Could the on-going security breaches and senseless killings in parts of the North be the punishment for Jonathan’s ‘disobedience’ and by extension the fulfillment of Ciroma’s promise of making Nigeria ungovernable?

Ciroma was not alone. Last year, former Minister of the Federal Capital Territory Mallam Nasir el-Rufai was the first to urge Jonathan to join the presidential race, and days later went on to berate former Military Head of State, Major General Mohammadu Buhari as impatient with the truth.

But shortly after Jonathan’s eventual electoral victory, the same el-Rufai was quoted as saying that Buhari would have been the best president for Nigeria, with a warning that the country would crumble under Jonathan’s feet as President. Isn’t this a pattern? Or was el- Rufai cajoled into that double-speak on account of the seemingly sponsored uprising in parts of the North after the elections?

How far has the country’s intelligence community gone investigating the various leads that beg for attention? How long will the various security organs remain helpless, while innocent Nigerians are daily slaughtered like Sallah rams? Or, are we to accept that Police success in investigating crimes cannot be extended to the Boko Haram onslaught?

Only recently, all well-meaning Nigerians stood up in celebration of Police arrest of those behind the kidnap of Pa Michael Obi, father of Nigerian soccer International and English Premiership side, Cheslea’s mid-fielder, Mikel Obi. The speed of the investigation, the rescue of the captive and the capture of the culprits by the Police gave Nigerians a good reason to believe that all hope was not lost in the fight against the level of criminality daily unleashed on the country. What is wrong in that direction?
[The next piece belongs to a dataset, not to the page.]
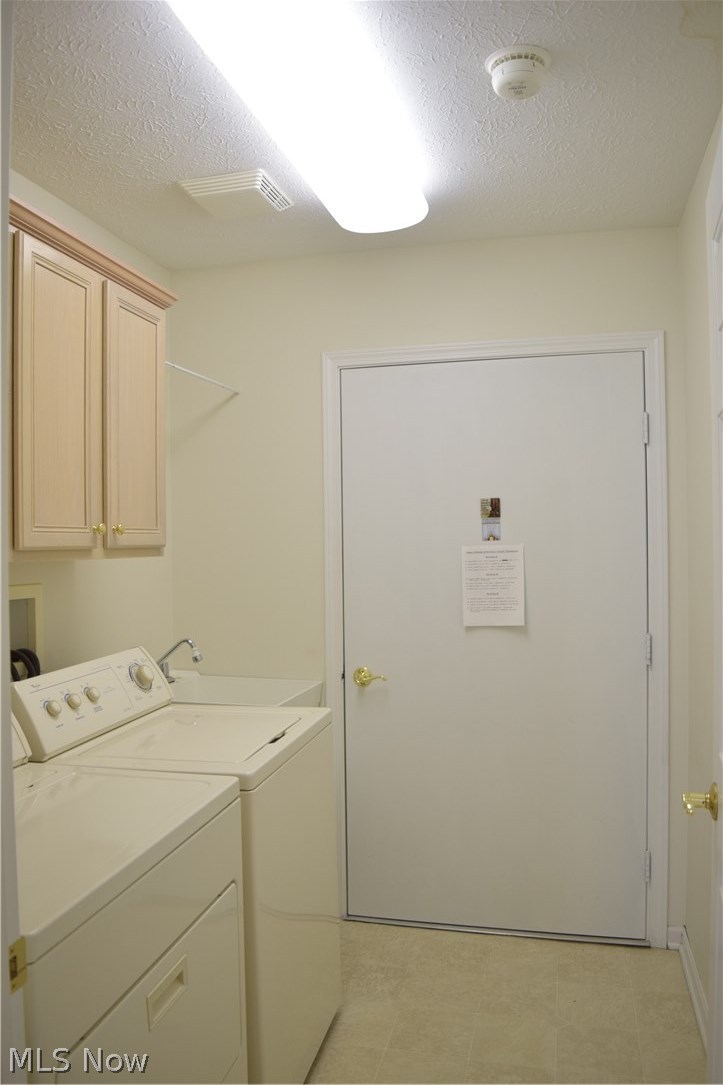 8330 West Ridgewood Drive, Unit 2A Cleveland, OH 44129 - Photo 23 of 25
I ask because the acts of terrorism daily unleashed on the Nigerian state by the Boko Haram terror gang has assumed such a frightening dimension that clearly challenges the capability of the country’s security. Yesterday, it was the Police Headquarters, today it is the UN office, where will it be tomorrow?

President Jonathan should do more than convoking regular  meetings with the various heads of the security concerns and instead order that the fight be taken to the terrorists’ safe havens. Yes, it is true that guerrilla warfare of the fledging type is not an easy task to contain, especially in areas where terrorism is a way of life, and suicide bombings a religious pass-time, hence the need to do every thing now before Nigeria degenerates to the ilk of Iraq and Afghanistan.

Whatever is required to help the Nigerian security forces to achieve this must be done now, not later, because the multiplier-effect of failure to act fast can better be imagined than seen.

But I have a worry. Rather than condemn the terror attacks and suggest ways of checking further killings, two of Nigeria’s most revered retired generals and former Presidents, Chief Olusegun Obasanjo and Ibrahim Babangida have been busy bandying words as market women would, on a bad market day.

Beyond that and for good reasons, all Northern leaders must also rise-up now and join forces with the Federal Government to fight the new kind of terrorism being witnessed in the land, if indeed, they are patriotic and innocent of the allegation many Nigerians fear to voice –complicity.

My Agony is that even some sect members mistakenly caught by the Joint Task Force (JTF) were quickly freed in very questionable circumstances, with little or nothing known as to why, and  how or by whom.

The truth must be told. Now is the time to keep Nigeria one, and One we shall remain, because that has always been the duty of all Nigerian leaders. Therefore, any threat to that, no matter by whom, should be crushed by the Commander-in-Chief. That, is Jonathan’s mandate.